# Dataset extract:
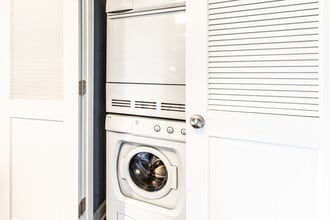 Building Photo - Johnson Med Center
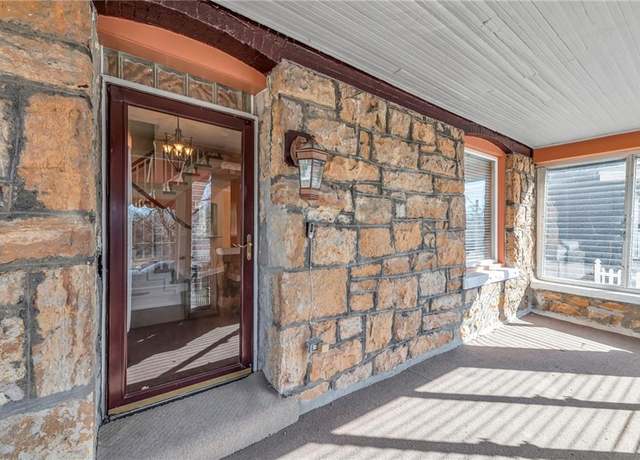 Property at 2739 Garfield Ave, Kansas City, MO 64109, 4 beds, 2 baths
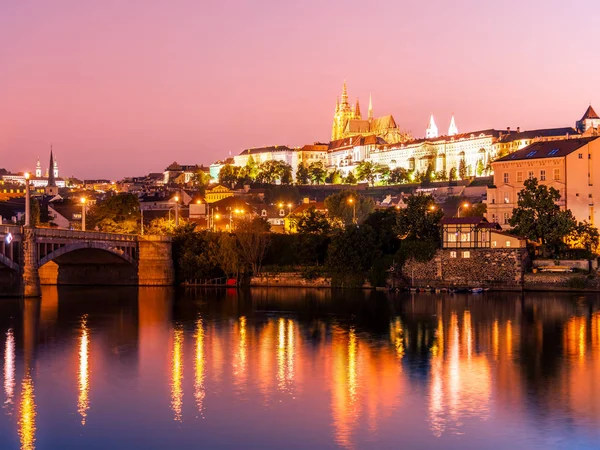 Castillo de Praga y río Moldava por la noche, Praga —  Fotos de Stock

# Task prompt:
Nothing but the lines from the one that contains "Property at 2739" through the end of the material above is to be reproduced, exactly and without pictures.

# Worked solution:
 Property at 2739 Garfield Ave, Kansas City, MO 64109, 4 beds, 2 baths
 Castillo de Praga y río Moldava por la noche, Praga —  Fotos de Stock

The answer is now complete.